DSG senators learned about resources for reporting violations, student learning from the Associate Dean of Students
Duke student government senators discussed the shortcomings of student misconduct reporting training with the Office of Student Conduct and Community Standards and heard an update on fossil fuel divestment at their meeting Wednesday.
Associate Dean of Students Victoria Krebs addressed the senators at OSCCS. According to the student affairs website, OSCCS is involved in “investigating and resolving alleged violations of university policy,” such as a recent hate speech incident on campus. In his role, Krebs takes reports and provides “support measures” to students.
Krebs spoke about the relationship between the Office of Institutional Justice, OSCCS, and the recently established Center for Gender-Based Violence Prevention and Intervention. While the OIE handles formal conduct investigations, GVPI provides confidential reporting and counseling, and OSCCS provides “support measures” and “applicant options,” the three offices coordinate to best help students, she explained.
When asked about reporting resources, Krebs described the differences between public incident reports, which are not anonymous, and DukeReach Care reports, which are anonymous provided students log out of their Duke account before accessing forms.

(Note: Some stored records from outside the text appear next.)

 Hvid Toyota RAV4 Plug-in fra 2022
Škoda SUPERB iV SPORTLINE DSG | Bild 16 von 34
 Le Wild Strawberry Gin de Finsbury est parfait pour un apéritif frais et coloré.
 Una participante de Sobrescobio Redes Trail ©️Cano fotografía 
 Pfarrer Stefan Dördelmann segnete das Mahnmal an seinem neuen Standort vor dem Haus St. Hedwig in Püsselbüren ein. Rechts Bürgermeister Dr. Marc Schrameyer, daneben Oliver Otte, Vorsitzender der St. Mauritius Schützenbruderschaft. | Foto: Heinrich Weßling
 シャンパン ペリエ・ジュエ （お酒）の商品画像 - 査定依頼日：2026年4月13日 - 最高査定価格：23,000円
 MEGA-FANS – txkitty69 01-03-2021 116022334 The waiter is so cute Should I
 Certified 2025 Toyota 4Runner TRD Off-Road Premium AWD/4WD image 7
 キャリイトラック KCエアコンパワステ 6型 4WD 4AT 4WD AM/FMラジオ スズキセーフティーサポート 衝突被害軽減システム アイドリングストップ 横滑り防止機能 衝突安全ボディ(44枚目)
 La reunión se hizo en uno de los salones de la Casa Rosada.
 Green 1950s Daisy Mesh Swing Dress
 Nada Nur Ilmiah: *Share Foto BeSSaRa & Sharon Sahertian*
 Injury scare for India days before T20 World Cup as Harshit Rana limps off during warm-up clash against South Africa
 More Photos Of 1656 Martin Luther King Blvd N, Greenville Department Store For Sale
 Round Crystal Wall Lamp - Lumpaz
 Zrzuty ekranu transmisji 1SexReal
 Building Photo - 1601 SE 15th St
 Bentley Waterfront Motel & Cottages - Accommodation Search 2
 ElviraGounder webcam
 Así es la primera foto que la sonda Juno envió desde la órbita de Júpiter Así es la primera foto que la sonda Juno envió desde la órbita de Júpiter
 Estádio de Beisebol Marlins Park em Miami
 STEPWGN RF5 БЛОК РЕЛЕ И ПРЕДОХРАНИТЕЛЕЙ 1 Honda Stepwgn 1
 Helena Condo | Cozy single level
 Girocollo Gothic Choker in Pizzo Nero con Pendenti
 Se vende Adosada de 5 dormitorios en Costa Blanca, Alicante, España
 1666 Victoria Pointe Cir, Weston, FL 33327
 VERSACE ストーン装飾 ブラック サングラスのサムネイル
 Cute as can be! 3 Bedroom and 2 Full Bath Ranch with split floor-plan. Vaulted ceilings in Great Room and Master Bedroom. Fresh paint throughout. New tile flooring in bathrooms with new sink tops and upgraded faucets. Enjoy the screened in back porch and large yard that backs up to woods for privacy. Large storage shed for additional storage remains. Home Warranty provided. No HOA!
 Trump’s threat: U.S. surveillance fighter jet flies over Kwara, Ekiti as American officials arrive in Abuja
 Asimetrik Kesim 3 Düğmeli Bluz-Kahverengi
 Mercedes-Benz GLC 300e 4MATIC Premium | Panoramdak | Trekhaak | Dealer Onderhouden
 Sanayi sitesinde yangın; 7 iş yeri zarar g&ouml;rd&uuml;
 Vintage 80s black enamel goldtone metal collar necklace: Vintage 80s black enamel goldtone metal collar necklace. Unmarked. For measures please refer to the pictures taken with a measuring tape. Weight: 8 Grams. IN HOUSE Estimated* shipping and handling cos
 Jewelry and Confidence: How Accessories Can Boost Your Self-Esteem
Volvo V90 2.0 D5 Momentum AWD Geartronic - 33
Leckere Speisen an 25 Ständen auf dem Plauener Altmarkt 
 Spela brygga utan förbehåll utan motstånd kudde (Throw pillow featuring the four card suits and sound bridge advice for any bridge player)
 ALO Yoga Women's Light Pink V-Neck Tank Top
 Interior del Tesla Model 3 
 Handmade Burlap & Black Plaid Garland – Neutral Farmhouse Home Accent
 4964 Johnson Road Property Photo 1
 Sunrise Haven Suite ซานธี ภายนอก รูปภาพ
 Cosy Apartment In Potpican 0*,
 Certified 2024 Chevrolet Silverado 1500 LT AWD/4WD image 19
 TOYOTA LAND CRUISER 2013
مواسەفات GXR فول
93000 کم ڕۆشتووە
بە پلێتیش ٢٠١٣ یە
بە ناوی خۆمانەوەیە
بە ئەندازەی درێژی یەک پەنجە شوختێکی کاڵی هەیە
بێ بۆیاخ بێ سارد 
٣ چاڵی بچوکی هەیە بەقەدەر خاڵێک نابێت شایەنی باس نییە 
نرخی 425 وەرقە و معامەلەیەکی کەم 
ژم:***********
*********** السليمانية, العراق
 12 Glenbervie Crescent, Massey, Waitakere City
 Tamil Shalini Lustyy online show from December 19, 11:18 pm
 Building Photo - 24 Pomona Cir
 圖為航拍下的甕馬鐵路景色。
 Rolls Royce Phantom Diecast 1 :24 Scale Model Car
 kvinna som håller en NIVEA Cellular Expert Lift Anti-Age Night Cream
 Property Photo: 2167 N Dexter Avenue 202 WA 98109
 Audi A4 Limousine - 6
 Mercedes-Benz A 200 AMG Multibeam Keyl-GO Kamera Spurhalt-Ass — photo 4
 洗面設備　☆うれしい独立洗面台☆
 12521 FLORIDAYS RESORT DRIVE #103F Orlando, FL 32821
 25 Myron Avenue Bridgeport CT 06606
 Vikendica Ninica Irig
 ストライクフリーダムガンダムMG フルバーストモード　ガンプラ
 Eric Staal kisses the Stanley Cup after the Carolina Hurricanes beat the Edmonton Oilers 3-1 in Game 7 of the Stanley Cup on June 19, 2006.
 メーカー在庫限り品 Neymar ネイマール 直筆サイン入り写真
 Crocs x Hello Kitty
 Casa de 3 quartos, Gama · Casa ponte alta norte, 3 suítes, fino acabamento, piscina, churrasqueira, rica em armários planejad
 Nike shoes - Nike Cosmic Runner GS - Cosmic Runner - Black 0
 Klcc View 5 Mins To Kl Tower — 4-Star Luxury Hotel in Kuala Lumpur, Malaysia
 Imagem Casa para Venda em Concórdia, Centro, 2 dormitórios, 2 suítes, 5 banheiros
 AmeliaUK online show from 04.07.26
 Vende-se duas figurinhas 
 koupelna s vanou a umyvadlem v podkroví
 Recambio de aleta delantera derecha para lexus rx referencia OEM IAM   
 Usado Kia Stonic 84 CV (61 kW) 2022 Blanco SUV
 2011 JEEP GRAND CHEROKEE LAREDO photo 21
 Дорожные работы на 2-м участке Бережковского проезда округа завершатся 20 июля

“You can submit [an incident] report a leaky faucet or harassment, anything, and it will be sent to the right place,” she said.
According to the 2021-2022 OSCCS Annual Report, there were 1,475 “fair reports” submitted to the office last year.
Junior Shreya Joshi, DSG’s vice president of campus affairs, citing concerns that residence assistants failed to cover violation reports at meetings earlier this year, asked what OSCCS was doing to provide information to first-year students. Senator Dave Surzykevich, a sophomore, asked a similar question in the context of freshmen.
In response, Krebs noted that the smaller meetings were more engaging than the large, lecture-style presentations the university has held during orientation week in the past.
“People just really want to know where their classes are and who their friends are going to be,” she said. “As much as they need this information, people are not accepting it.”
Krebs shared that OSCCS plans to start an ambassador program to raise awareness among students.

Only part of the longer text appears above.